[Scraped caption text data]
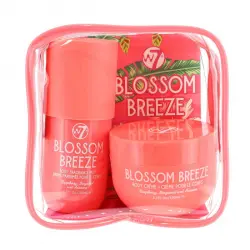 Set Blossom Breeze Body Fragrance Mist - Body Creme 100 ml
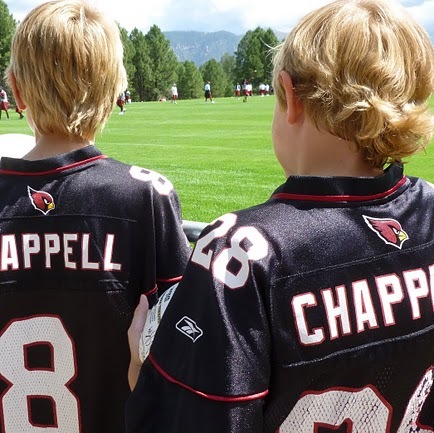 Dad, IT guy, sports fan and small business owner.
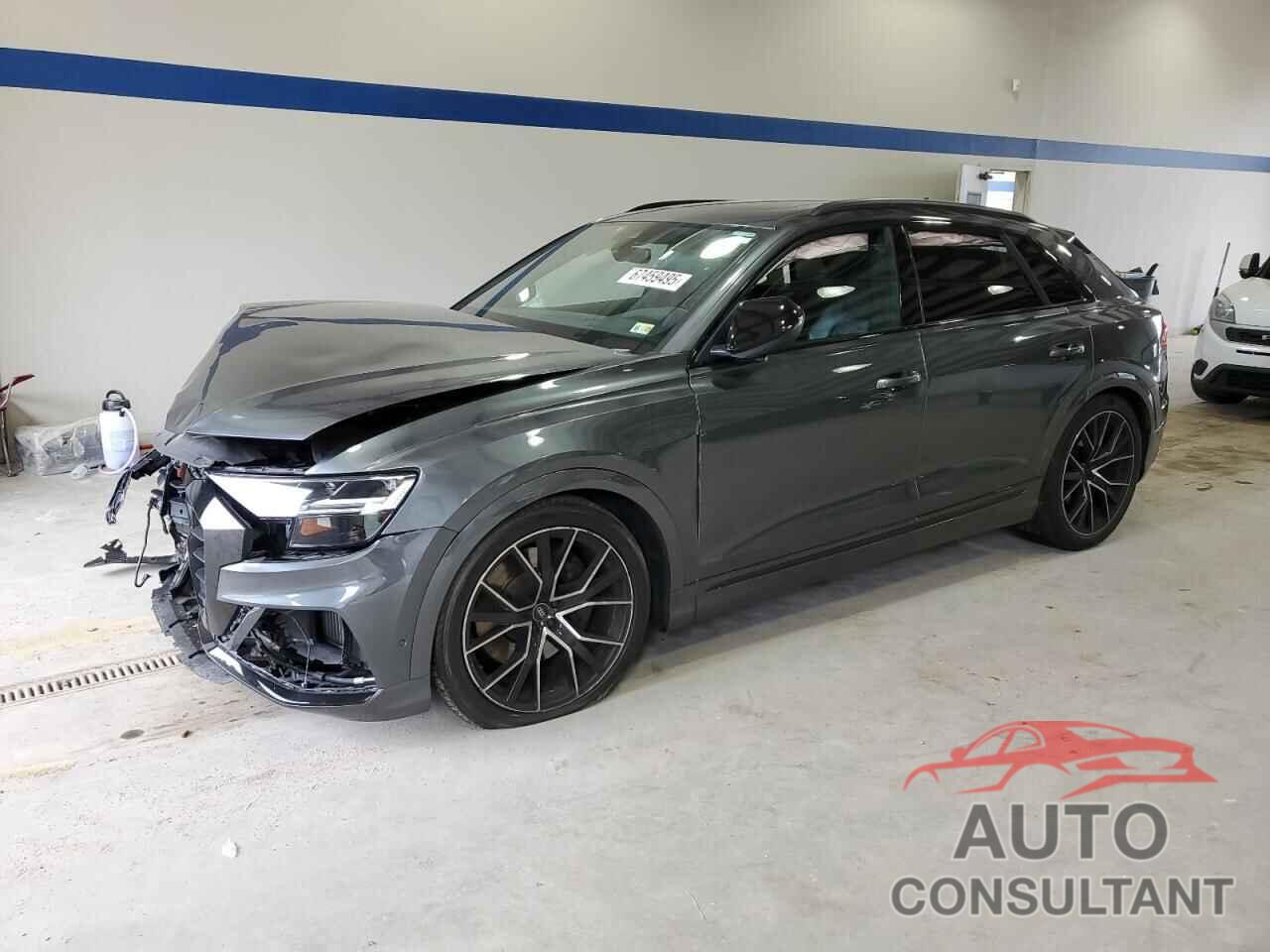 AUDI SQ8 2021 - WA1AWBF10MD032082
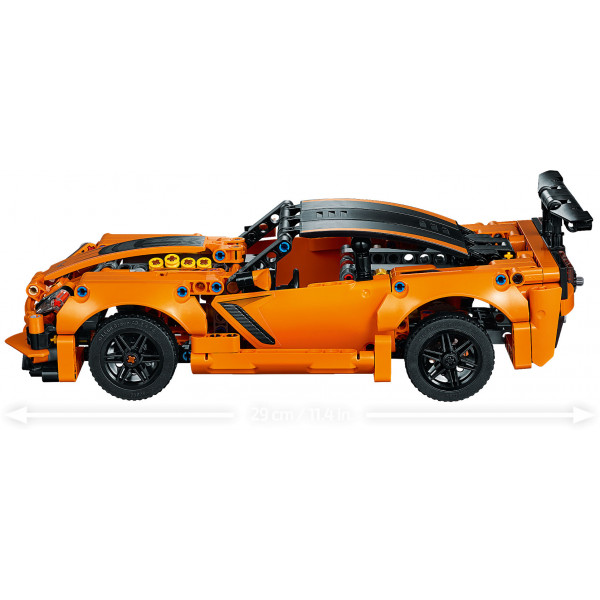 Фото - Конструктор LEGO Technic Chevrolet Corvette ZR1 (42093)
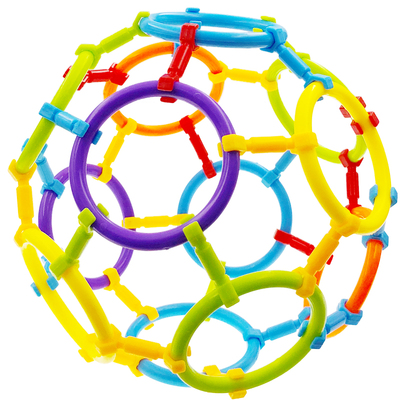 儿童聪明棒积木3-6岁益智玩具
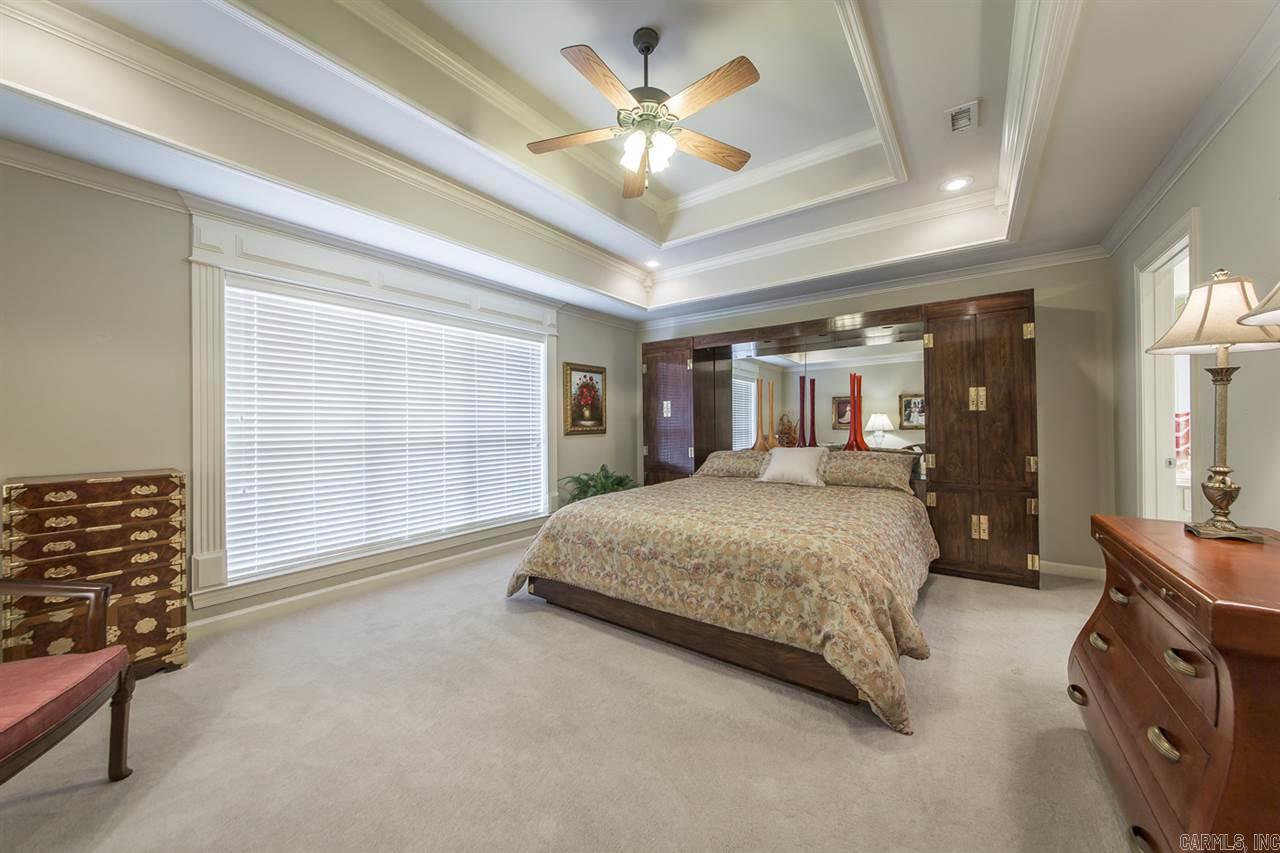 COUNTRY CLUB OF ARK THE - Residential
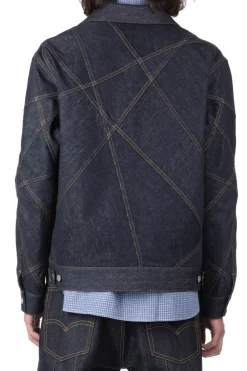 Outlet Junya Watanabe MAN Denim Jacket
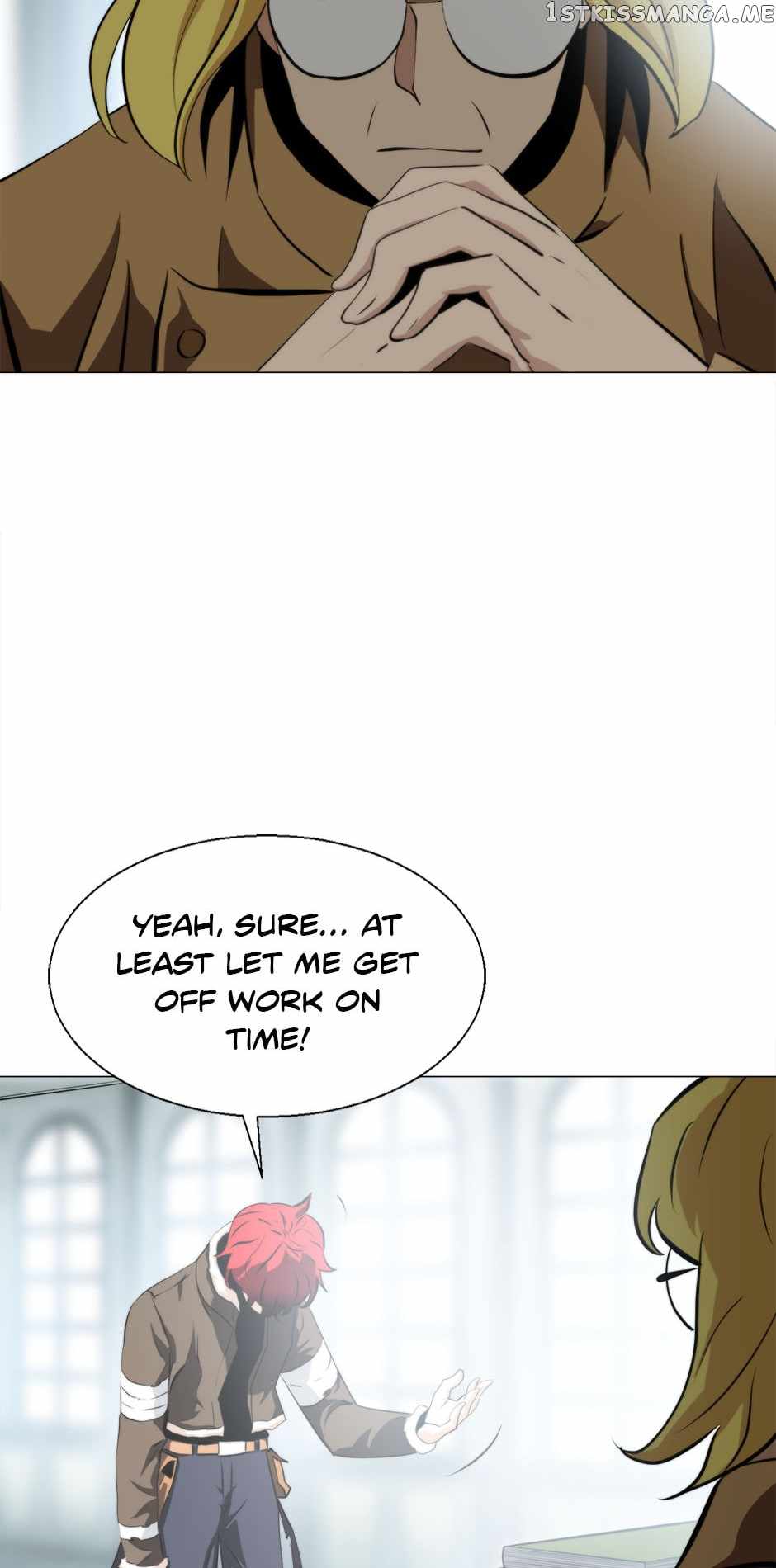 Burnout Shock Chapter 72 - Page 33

■ **Your task**
Skip the pictures and print exactly the lines from the one containing "Фото - Конструктор" through the end of the records above.

■ **Answer section**
 Фото - Конструктор LEGO Technic Chevrolet Corvette ZR1 (42093)
 儿童聪明棒积木3-6岁益智玩具
 COUNTRY CLUB OF ARK THE - Residential
 Outlet Junya Watanabe MAN Denim Jacket
 Burnout Shock Chapter 72 - Page 33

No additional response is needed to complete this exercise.